When we came together here in May last, Great Britain was meeting with reverses in Norway, the low countries were being overrun by the enemy, and our ally France was on the brink of the disaster which overtook her shortly afterwards. The Canadian people were willing to go to any length to aid Britain. Their private interests had second place. They were ready for any sacrifice. An invasion of England was believed to be imminent. The existence of the empire was in peril. Sectionalism and selfishness, the bane of democracy, perhaps of every form of government, were subordinated to patriotism. Burdens, whether tax burdens or others, were accepted with little complaint. Our main, if not our sole desire, was to help to win the war.

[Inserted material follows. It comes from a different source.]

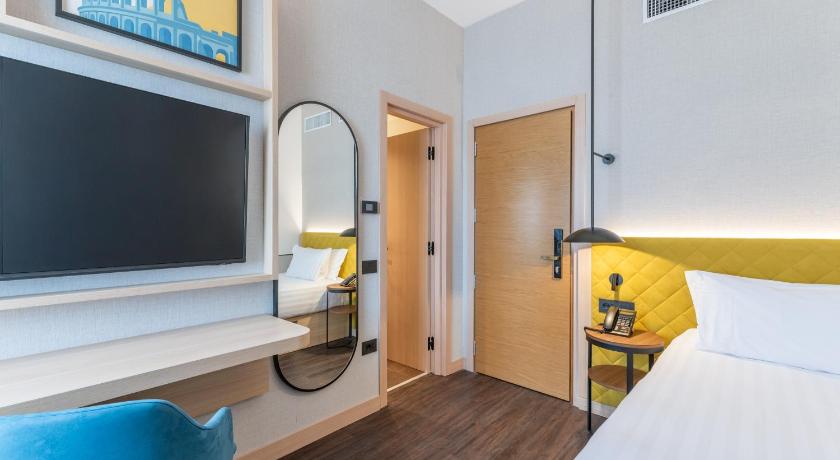 Image of Single Room 0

To-day, only a few months later, we are reassured, too much so. We feel, vaguely, that the important things in our lives are at stake, but we are not so sure that they are in jeopardy. Instead of a consciousness every waking moment of the deadly peril of a powerful enemy, many of us have a feeling that the battle of Britain is won, and that all is well. This optimism is excessive and dangerous. The war is not won. A far closer engagement with the enemy will be necessary long before we achieve victory. Not only must our fighting forces engage his, we must engage him in our civilian activities-by the making of sacrifices, the forgoing of pleasures, the devotion of our substance to the common cause-in these ways must all of us engage the enemy.
To-day there is heroism in the air, on the sea, in the deserts of Africa-and there is heroism among the common people of the motherland. Let their example be our inspiration. Civilian Canada has its responsibilities, easier to assume but no less important than those of civilian Britain. Let us assume those responsibilities with the same unselfishness and courage and determination.